The longtime executive with Jackson National Life oversees the company’s retail investment business, which includes Curian Capital, its managed account platform. Throw in the roughly 3,800 registered representatives affiliated with National Planning Holdings, Jackson’s broker-dealer holding company, and he has a broad view of the industry, to say the least.
“We talk to a lot of advisors and their clients, as you might imagine,” Jack says. “What they’re most interested in is diversification and smoothing out volatility. Currently, it’s the series of returns that is most important to them.”
As it happens, alternatives can help, an allocation to which positions portfolios well for fiscal cliffs, anemic growth and other uncertainties in 2013 and beyond. And consumers are beginning to notice.
A report form Cogent Research released in the fall found that 78% of all advisors are using alternative investments within client portfolios, mainly for diversification purposes. In the institutional space, KPMG International reported over the summer that 50% of institutional investors surveyed said they intend to increase their allocations to alternatives, with some intending to allocate more than 10% of their total assets.
“There are more investment options, more competition and more liquidity,” Cliff says of the current crop of alternative offerings, noting that the latter will be “table stakes” for financial services companies looking to enter the retail alternative space.

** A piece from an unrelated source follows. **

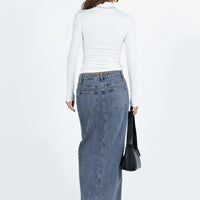 Barbara Split Midi Skirt Faded Denim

“It will have to,” he adds, when asked if the march toward liquid alternatives will continue in 2013. “Most retail investors are not able to afford the lockup that is so readily available to institutions.”
Alternative investments were criticized by industry watchers and consumer advocates in the wake of the financial crisis in 2008 for not performing to expectations, with many supposedly non-correlated asset classes behaving in a correlated manner. Has the problem since been corrected, and can they be trusted if a significant downturn or even recession were to occur in the coming year?

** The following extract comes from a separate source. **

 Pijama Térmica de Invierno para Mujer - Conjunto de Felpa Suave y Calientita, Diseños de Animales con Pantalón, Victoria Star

“A lot of the products were long/short products, and they had more correlation,” says Tim Clift, chief investment strategist with Envestnet PMC. “It was these early adopters that had trouble. There are now over 1,000 alternative strategies available, which result in more choices in the types of product, which in-turn makes them more prepared for what might happen in 2013.

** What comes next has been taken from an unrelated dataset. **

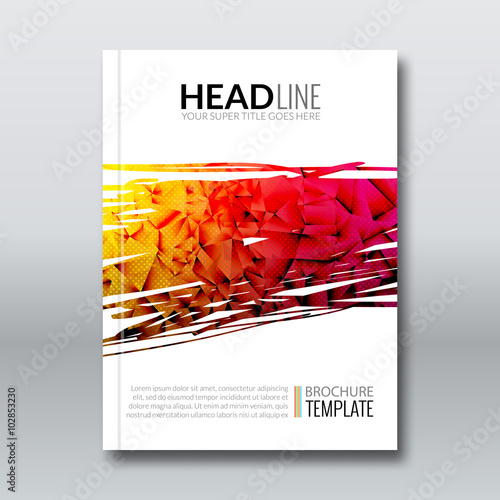 Cover report colorful triangle geometric prospectus design background, cover flyer magazine, brochure book cover template layout, vector illustration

“Alts have evolved, and in my view they are better able to dampen volatility and are less correlated than the last crisis,” Jack adds. “Who knows what the next crisis will bring, and the next crisis won’t behave as the last, but we’re seeing an expansion of products in each category, as well as an expansion in the number of categories themselves.”
For example, he notes the rise in the number of options in the global macro fund category now available to consumers, but also sees new categories like credit investments taking hold.
“Long/short funds have been around forever, but now you have things like long/short credit funds,” Jack explains. “Also, there are various new categories that traditionally did not offer liquidity, but do now; private equity would be one.”
Clift notes the 20% correction markets experienced the in 2011, and argues market-neutral, equity arbitrage-type strategies help up particularly well.
“We’re seeing an increase in the number of alternative funds, and definitely in asset flows,” he adds. “Investors are looking for strategies that are separate from market direction.”
Clift especially sees interest in alternative strategies involving fixed income.
“Interest rate risk is a major concern at the moment,” he says. “Once interest rates rise it will be a significant problem, especially with so much currently allocated to that asset class. Until now, much of the product development in alts has been on the equity side, with not as much seen on the fixed income side. That will change going forward, he says.
Alternative investments are now the fourth major asset class [joining equities, fixed income and cash], Clift concludes.
“We recommend an allocation of 20%, but we’re only seeing allocations as an industry in the 3% to 5% range, so we still have a long way to go.